経済活動はその担い手である労働力人口に左右される。人口急減・超高齢化に向けた現状のままの流れが継続していくと、労働力人口は2014年6,587万人から2030年5,683万人、2060年には3,795万人へと加速度的に減少していく。総人口に占める労働力人口の割合は、2014年約52%から2060年には約44%に低下することから、働く人よりも支えられる人が多くなる。定常状態に比して労働力人口減が経済にマイナスの負荷をかける状態を「人口オーナス」という。高度成長期において、生産性が上昇していくだけでなく、労働力人口が増加することによって成長率が高まっていく状態(「人口ボーナス」)の反対の状態である。

また、急速な人口減少が、国内市場の縮小をもたらすと、投資先としての魅力を低下させ、更に人々の集積や交流を通じたイノベーションを生じにくくさせることによって、成長力が低下していく。加えて、労働力不足を補うために長時間労働が更に深刻化し、ワーク・ライフ・バランスも改善されず、少子化が更に進行していくという悪循環が生ずるおそれもある。
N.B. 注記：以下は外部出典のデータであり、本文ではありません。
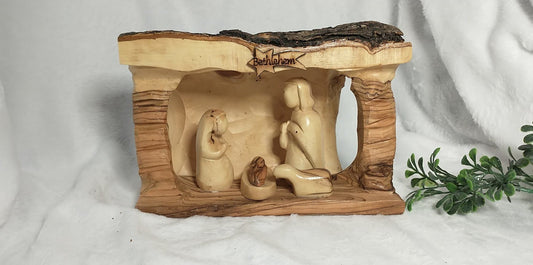 Nativity set olive wood hand carved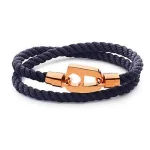 Navy Rope Polished Rose Gold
こうした人口急減・超高齢化による経済へのマイナスの負荷が需要面、供給面の両面で働き合って、マイナスの相乗効果を発揮し、一旦経済規模の縮小が始まると、それが更なる縮小を招くという「縮小スパイラル」に陥るおそれがある。「縮小スパイラル」が強く作用する場合には、国民負担の増大が経済の成長を上回り、実際の国民生活の質や水準を表す一人当たりの実質消費水準が低下し、国民一人一人の豊かさが低下するような事態を招きかねない。